### What needs to be done
Repeat, line for line, only the span that opens at the "Burtons Professional Grooming Bath" line and closes at the final line below. Skip the pictures.

-- Opening Marker --

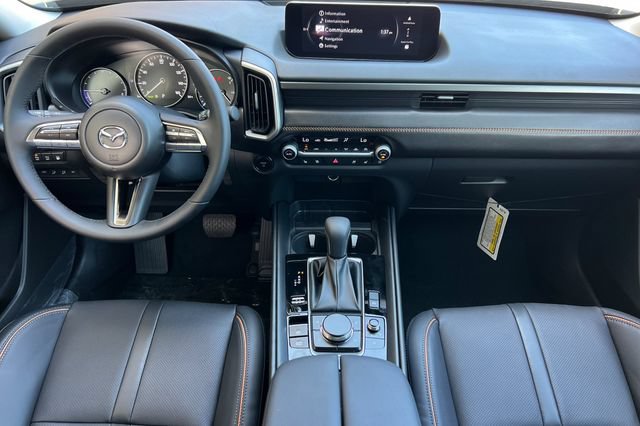 New 2026 MAZDA CX-50 AWD 2.5 Hybrid w/ Weather Package image 15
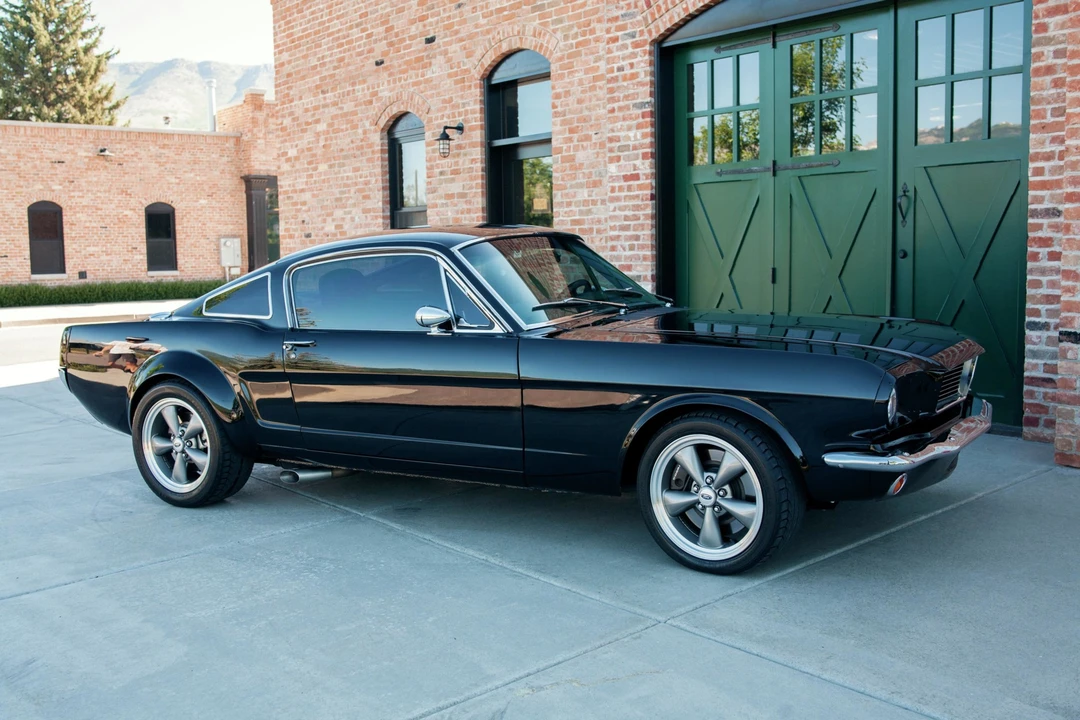1965 Ford Mustang 1st Gen (1964.5-1966) - Image 21 of 31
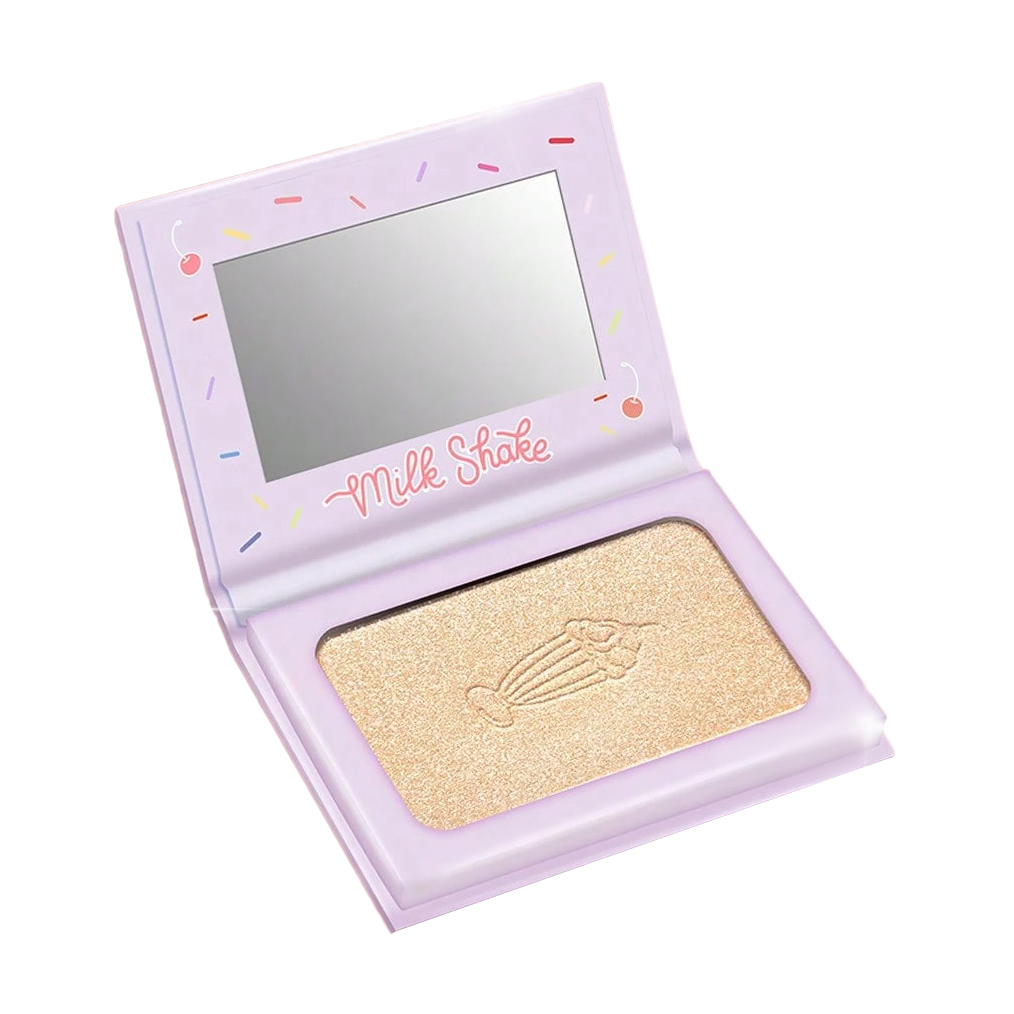 Хайлайтер для обличчя Misslyn Milk Shake Highlighter 02, 6 г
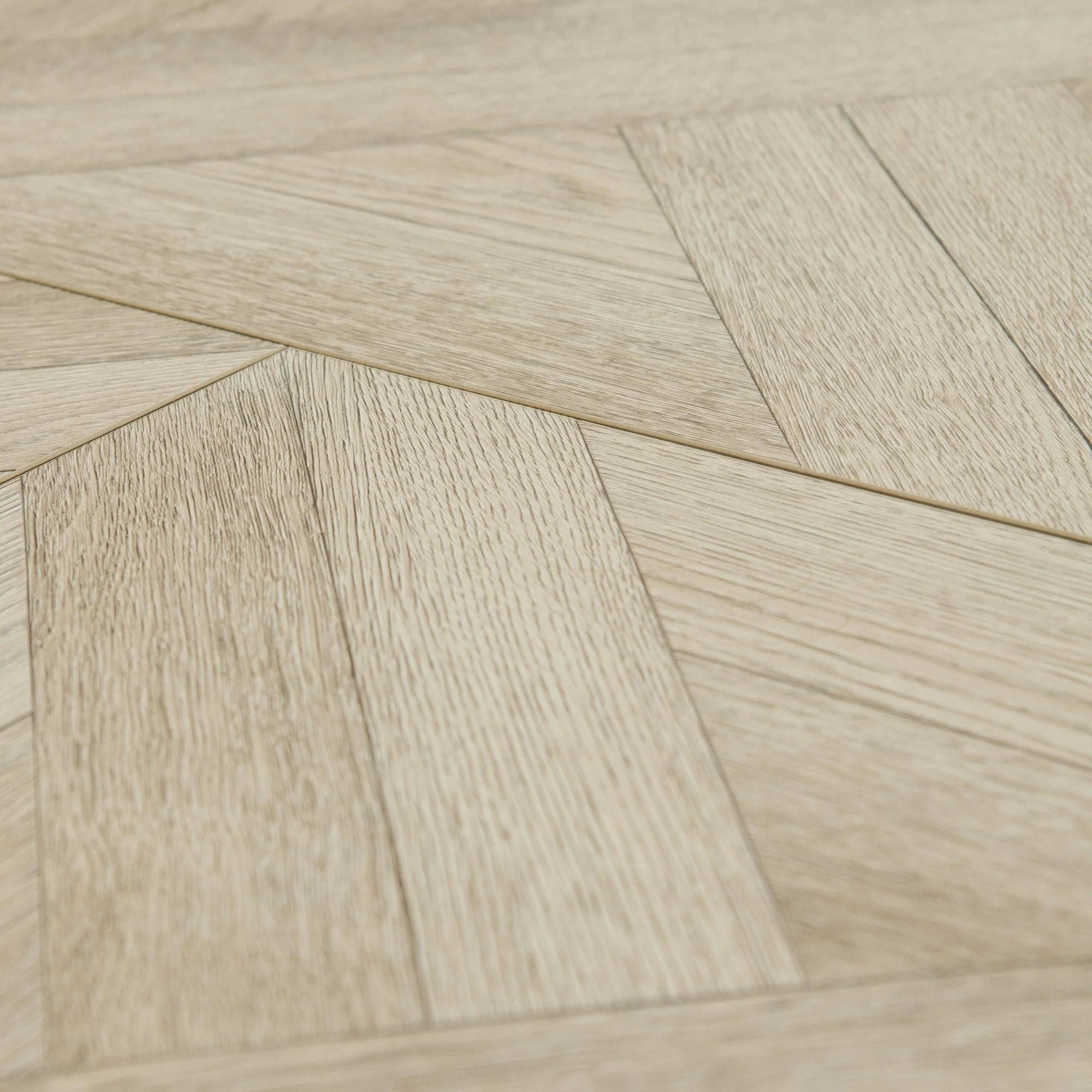 Surrey Oak - Luxe Vision SPC 6.5mm Embossed UV Coated Rigid Core Vinyl Flooring (123038) - Image 5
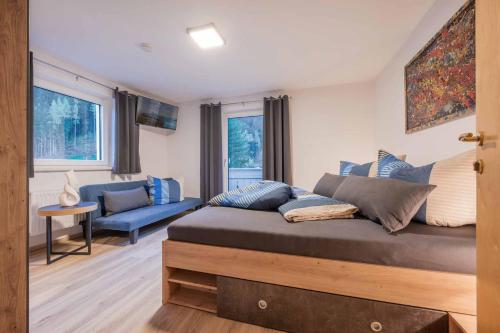 Haus Gletschertor in Milders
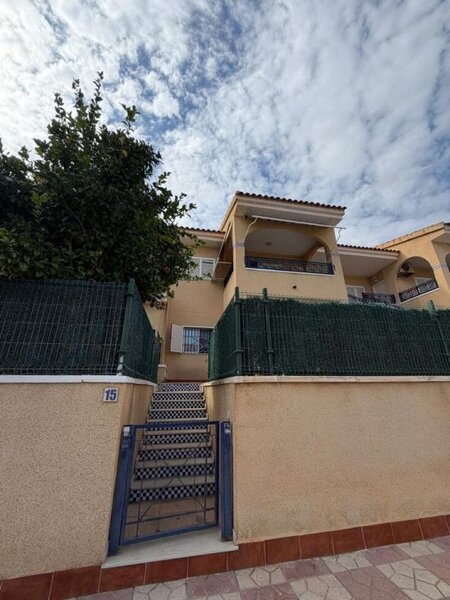 2-Bedroom Bungalow in Zona Norte, Santa Pola
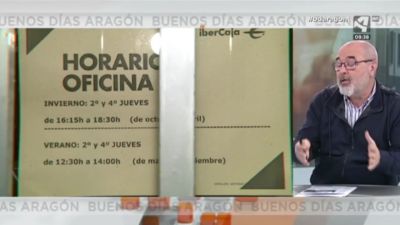 Digitalización de la banca (I)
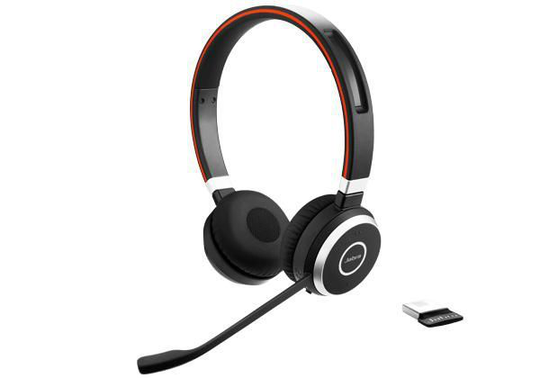 Evolve 65 SE MS, Stereo, No Stand, USB-A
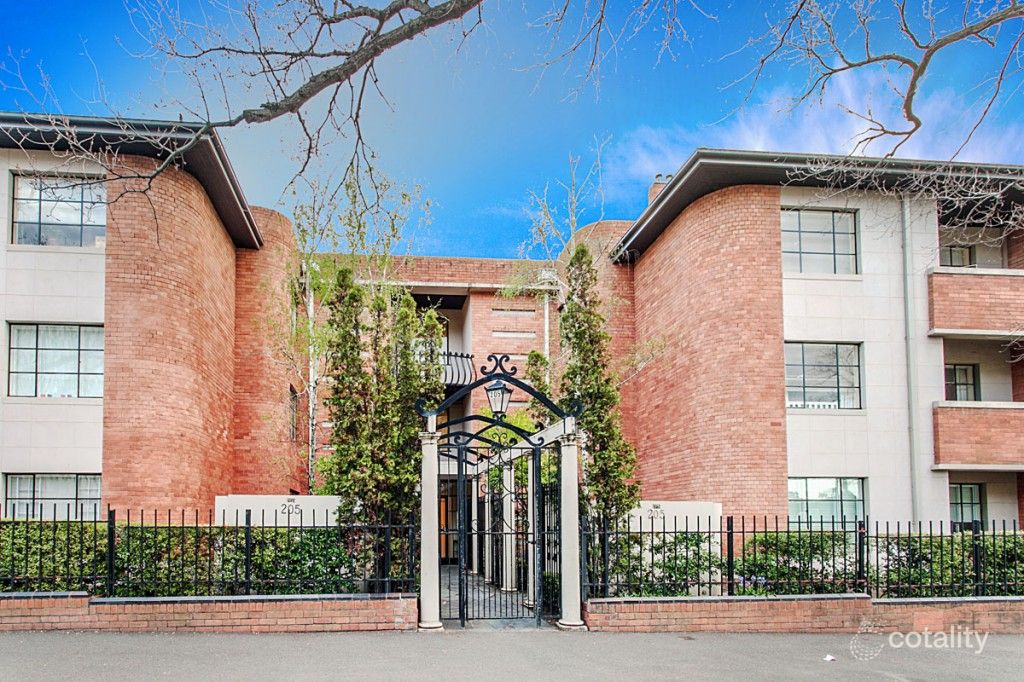 5/205-207 Flemington Rd, North Melbourne, VIC 3051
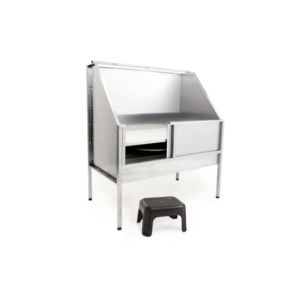 Burtons Professional Grooming Bath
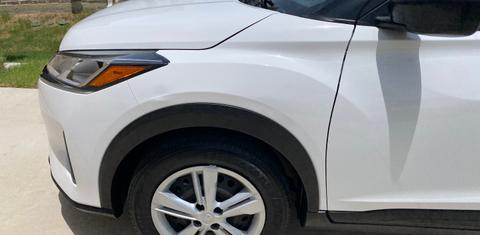 Nissan Kicks 2022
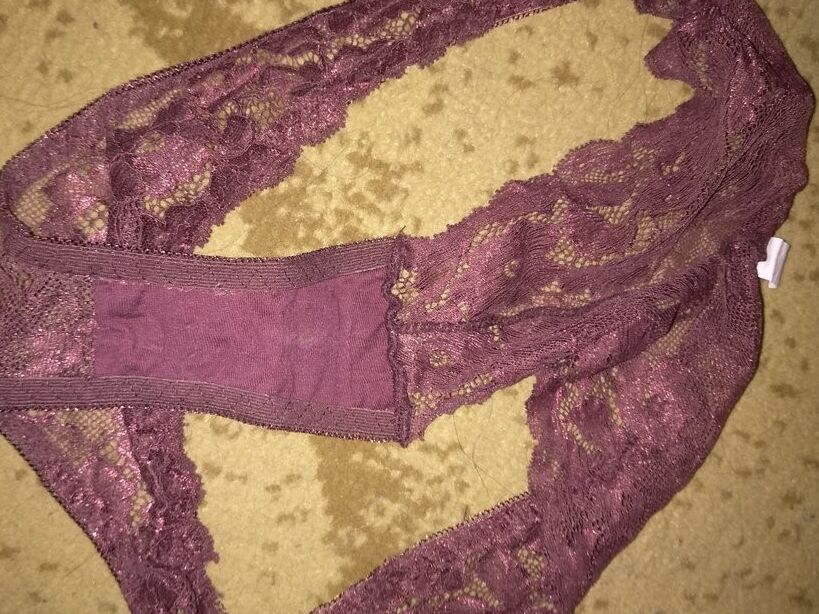 Everything Panties 9 of 12 pics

-- Closing Marker --

### Response to the task
 Burtons Professional Grooming Bath
 Nissan Kicks 2022
 Everything Panties 9 of 12 pics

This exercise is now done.